◆ TASK BRIEF
Give the data again exactly, stopping after the "Camiseta Etiqueta de" line.

◆ TASK DATA
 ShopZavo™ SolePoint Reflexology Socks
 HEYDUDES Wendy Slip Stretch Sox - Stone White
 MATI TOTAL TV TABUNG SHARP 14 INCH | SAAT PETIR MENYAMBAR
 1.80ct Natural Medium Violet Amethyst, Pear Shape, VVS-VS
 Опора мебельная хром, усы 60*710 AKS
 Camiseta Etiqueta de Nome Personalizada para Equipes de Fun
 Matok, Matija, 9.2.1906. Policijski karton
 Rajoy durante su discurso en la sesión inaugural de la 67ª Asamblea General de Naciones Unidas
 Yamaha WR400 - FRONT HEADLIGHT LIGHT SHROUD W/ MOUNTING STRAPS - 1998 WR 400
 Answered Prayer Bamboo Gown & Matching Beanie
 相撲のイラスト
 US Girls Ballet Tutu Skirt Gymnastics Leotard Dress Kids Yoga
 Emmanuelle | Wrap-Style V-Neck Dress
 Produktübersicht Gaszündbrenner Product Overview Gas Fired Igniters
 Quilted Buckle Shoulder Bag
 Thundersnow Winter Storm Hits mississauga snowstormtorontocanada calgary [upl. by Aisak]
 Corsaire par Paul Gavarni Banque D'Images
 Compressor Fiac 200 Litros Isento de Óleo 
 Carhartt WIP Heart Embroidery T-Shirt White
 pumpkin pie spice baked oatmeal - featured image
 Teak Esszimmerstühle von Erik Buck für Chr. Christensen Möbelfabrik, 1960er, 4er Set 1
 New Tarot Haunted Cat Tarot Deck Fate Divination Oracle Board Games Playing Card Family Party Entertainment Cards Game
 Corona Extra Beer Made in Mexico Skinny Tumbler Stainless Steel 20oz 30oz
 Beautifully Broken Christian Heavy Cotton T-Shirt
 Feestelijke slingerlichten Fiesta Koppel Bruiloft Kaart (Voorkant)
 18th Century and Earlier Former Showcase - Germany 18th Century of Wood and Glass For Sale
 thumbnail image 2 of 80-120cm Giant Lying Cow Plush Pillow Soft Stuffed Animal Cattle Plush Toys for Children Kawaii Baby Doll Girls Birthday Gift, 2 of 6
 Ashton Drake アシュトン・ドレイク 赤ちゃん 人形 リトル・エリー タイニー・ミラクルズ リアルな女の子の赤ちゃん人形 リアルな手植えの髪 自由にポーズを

◆ RESULT OF THIS EXERCISE
 ShopZavo™ SolePoint Reflexology Socks
 HEYDUDES Wendy Slip Stretch Sox - Stone White
 MATI TOTAL TV TABUNG SHARP 14 INCH | SAAT PETIR MENYAMBAR
 1.80ct Natural Medium Violet Amethyst, Pear Shape, VVS-VS
 Опора мебельная хром, усы 60*710 AKS
 Camiseta Etiqueta de Nome Personalizada para Equipes de Fun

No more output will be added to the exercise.